Once the thickness maps are available for each subject, statistical analysis can be performed across the entire cortex or for specific regions. Currently no cortical segmentation tool is available, so the only regional analysis that is actively supported is mean thickness.
The statistical framework is built upon R, though a few pieces of code are only available in matlab.
This page serves two functions: to provide links to the man pages of the analysis functions as well as an overview of what is currently possible combined with more overview style documentation.
The purpose of cortical statistics is to allow for hypothesis testing at every vertex of the surface. For each analysis both input data and a series of independent variables are required. The simplest case is testing whether cortical thickness is related to group on either a regional or global level, though more advanced multivariate models are certainly possible.
The input data contains one line per subject. In each line the first column is the filename of the cortical thickness output, and subsequent columns are for independent variables. The very first line of the input file is optionally a header for all of the subsequent columns. A sample file would thus look like the follwing:
Filename Intercept Group Age /somedir/someplace/subject001_thickness.txt 1 Normal 23 /somedir/someplace/subject002_thickness.txt 1 Patient 25 /somedir/someplace/subject003_thickness.txt 1 Patient 22 /somedir/someplace/subject004_thickness.txt 1 Normal 20
Some notable elements:
The usual statistical run proceeds in a series of ordered steps:
The first step is to start the R statistical environment by typing "R" in a shell. This should after a short delay start R.
The second step is to load the library for dealing with cortical statistics. This is accomplished with the following invocation:
> library(mni.cortical.statistics)
The input matrix is prepared in a simple text file as described above. This is then loaded with the following command mni.read.glim.file
> gf <- mni.read.glim.file(filename)
There are two optional boolean arguments to mni.read.glim.file, namely header and fill. Both are by default set to FALSE; set header=TRUE if the first line of the input file contains a dataheader, and set fill=TRUE if the input file is supposed to contain missing values.

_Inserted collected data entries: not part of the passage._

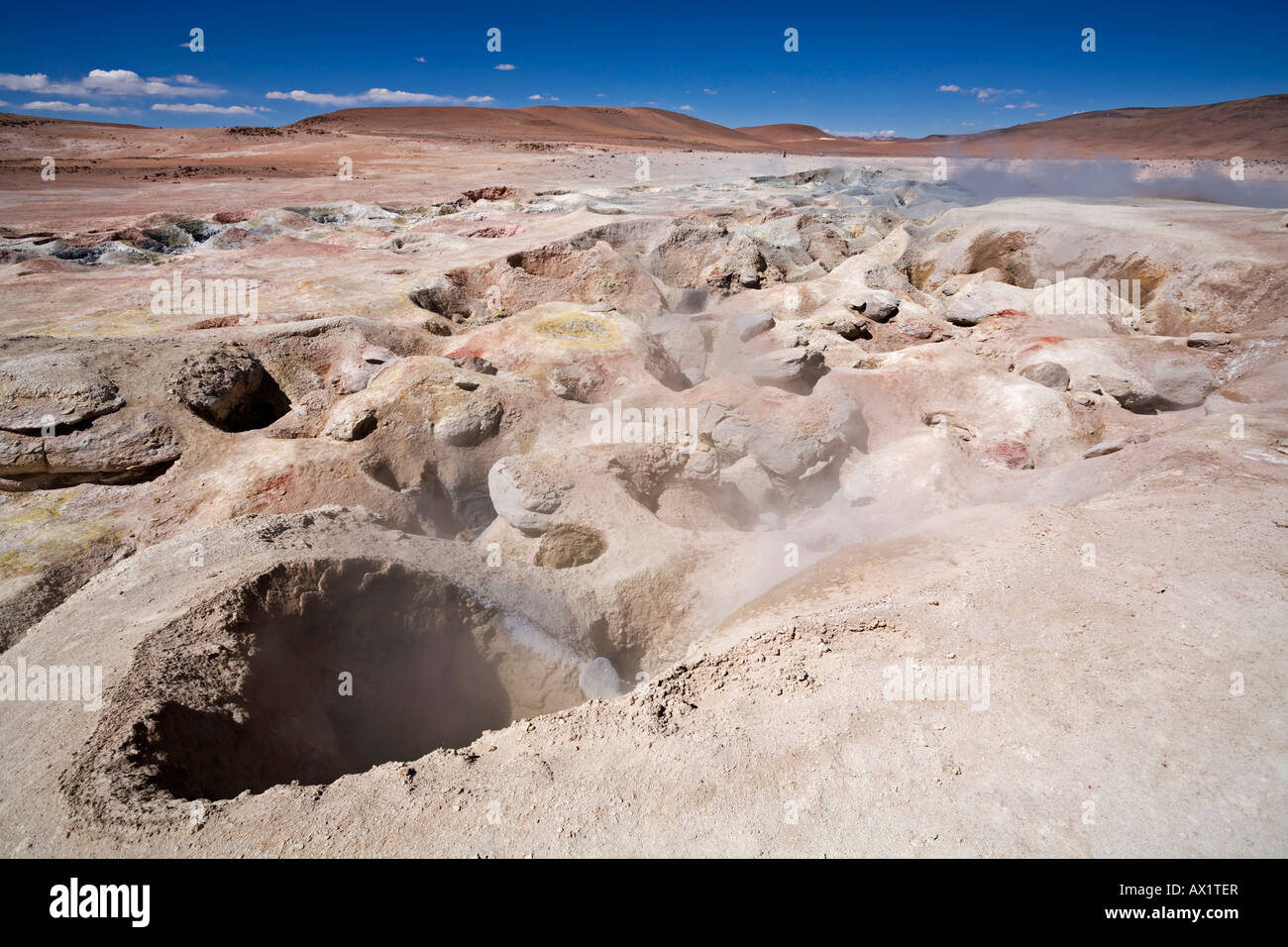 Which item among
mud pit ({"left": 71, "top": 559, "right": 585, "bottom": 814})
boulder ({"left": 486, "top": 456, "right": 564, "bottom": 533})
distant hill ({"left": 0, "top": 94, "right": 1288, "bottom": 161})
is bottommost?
mud pit ({"left": 71, "top": 559, "right": 585, "bottom": 814})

The next step in the analysis is to define the hypothesis and to express it in terms of linear model. Any variable from the glim file can take the place of the usual beta parameters (if no header was provided in the glim file, they will be assigned V1 V2 V3 ... Vn). So, for example, given the above example, to test the effect for age the following formula would be used:
y ~ Age
Or, to test the effect of Group + age, the following:
y ~ Group + Age
In all these example, y takes the place of the metric to be estimated, usually cortical thickness.

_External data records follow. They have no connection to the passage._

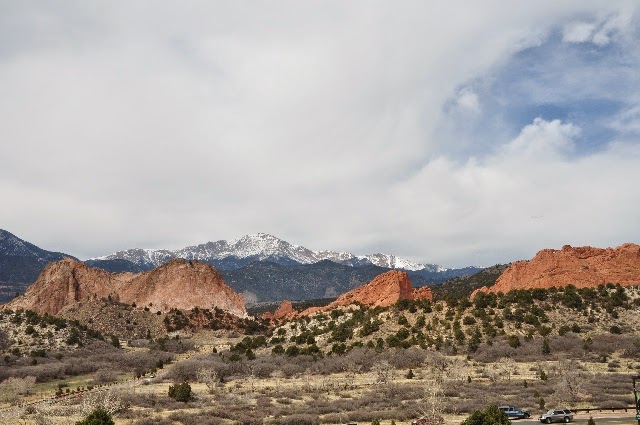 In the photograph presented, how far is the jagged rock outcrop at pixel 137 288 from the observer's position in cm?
12344

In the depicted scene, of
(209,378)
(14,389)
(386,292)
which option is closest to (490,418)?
(209,378)

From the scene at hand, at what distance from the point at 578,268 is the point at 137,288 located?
339 feet

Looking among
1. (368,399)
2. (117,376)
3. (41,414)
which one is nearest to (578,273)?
(368,399)

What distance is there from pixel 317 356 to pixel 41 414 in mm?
38678

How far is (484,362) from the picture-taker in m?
58.1

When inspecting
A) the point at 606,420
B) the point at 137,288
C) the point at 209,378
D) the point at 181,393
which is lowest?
the point at 209,378

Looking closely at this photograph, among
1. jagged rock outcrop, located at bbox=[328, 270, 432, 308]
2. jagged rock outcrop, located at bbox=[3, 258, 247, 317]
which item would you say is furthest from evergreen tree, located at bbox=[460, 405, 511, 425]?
jagged rock outcrop, located at bbox=[3, 258, 247, 317]

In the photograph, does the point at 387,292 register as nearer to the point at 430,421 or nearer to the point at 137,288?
the point at 137,288

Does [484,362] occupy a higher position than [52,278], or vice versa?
[52,278]

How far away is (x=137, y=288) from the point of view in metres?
129

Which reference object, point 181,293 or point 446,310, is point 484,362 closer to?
point 446,310

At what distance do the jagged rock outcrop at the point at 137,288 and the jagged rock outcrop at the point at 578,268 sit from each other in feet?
228

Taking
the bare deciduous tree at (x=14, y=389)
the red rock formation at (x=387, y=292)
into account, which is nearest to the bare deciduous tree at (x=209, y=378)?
the bare deciduous tree at (x=14, y=389)

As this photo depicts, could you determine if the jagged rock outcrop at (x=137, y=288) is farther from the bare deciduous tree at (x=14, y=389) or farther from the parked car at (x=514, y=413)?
the parked car at (x=514, y=413) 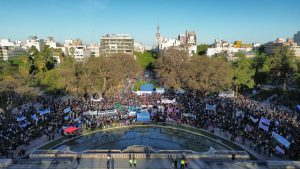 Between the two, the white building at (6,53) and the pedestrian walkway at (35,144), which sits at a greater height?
the white building at (6,53)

An often interesting question is to test the effect of mean cortical thickness against the predictors. This would be done in the following way:
> ms <- mni.mean.statistics(gf, 'y ~ Age') > summary(ms)
The key call here is to mni.mean.statistics, which in its basic form takes two parameters: the glim matrix as read in by mni.read.glim.file, and a symbolic version of the formula. The terms tested against have to exist in either the general R environment or be specified in the glim file. The function returns a linear model object, which can be further interrogated by calling the summary function on it.

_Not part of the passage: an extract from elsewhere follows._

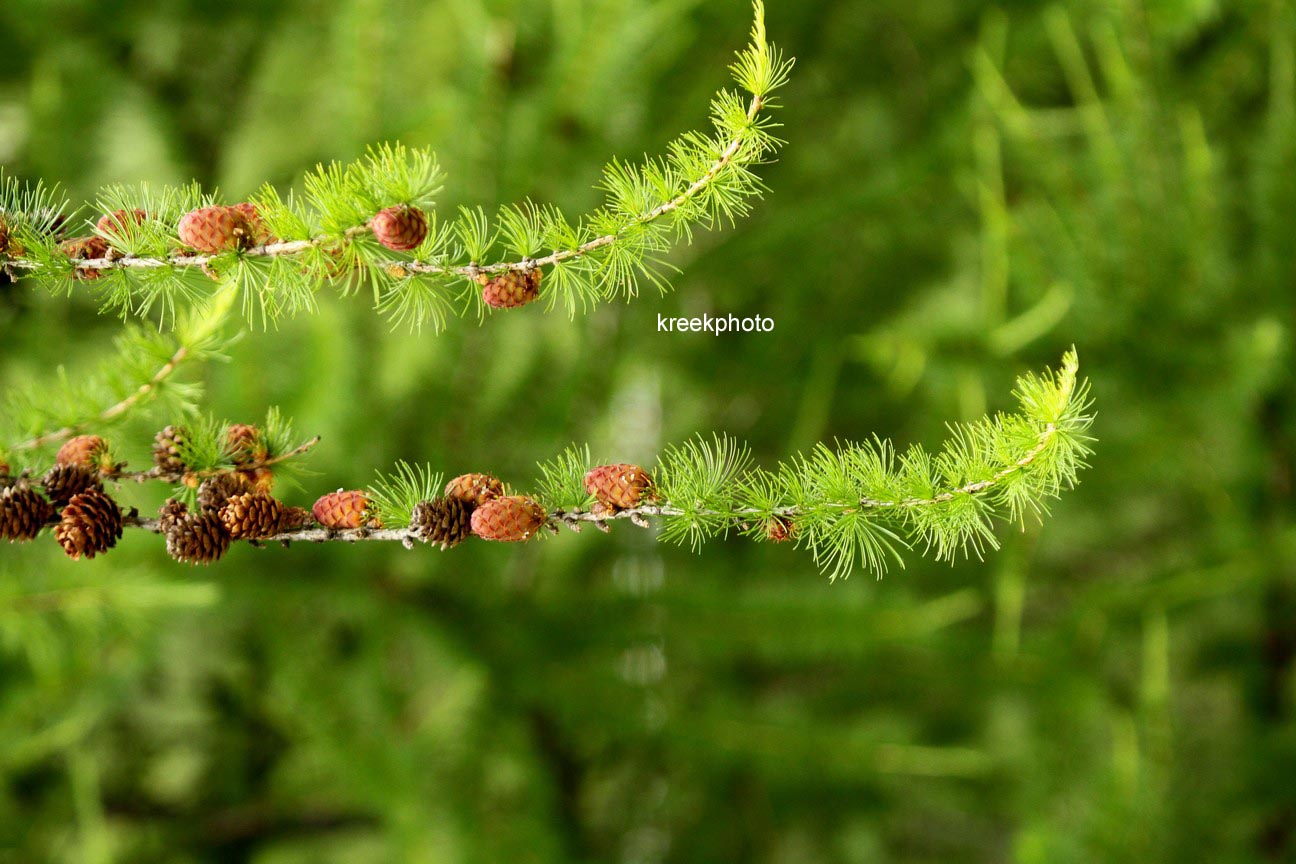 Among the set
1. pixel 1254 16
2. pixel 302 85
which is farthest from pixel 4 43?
pixel 1254 16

Testing for an effect at each vertex is almost identical to testing for effects on the mean. The main difference is that it takes longer, and that the output is not as easily summarised by a single command. To repeat the test against age used on the mean above, the following command would be invoked:
> vs <- mni.vertex.statistics(gf, 'y ~ Age')
The only change is the replacement of mean in the function name by vertex, i.e. mni.vertex.statistics The output is a list of the important statistical elements, such as the F and t-statistics, R-squared values, etc, with one entry for each vertex tested. To make sense of it this list should be written out to file and loaded into some visualisation tool.
Once the statistics have been run on the mean as well as each vertex, the results should be written out to file. To follow the above example, the following incantation should be used:
> mni.write.vertex.stats(vs, "output_filename.vertstats", mean.stats=ms, glim.matrix=gf)
This will place the results, in the vertstats format, into the file specified as the second argument using the function mni.write.vertex.stats Specifying the mean statistics and the glim matrix is optional; if the arguments are provided, the relevant information will be included in the header, which can be quite useful for recovering what was done at a later point.
The example session described above deals with the most common usage of the statistical environment. There are several more advanced topics as well, however, dealing with more intricate statistics. In no particular order, the topics covered are:
An interaction term refers to a predictor that has to be modified in some way before usage in the formula. The most common use is for nonlinear terms. A second-order formula, for example, would look like this:
> y ~ Age + I(Age^2)
Basically, the I expression causes whatever is inside to be interpreted arithmetically rather than symbolically.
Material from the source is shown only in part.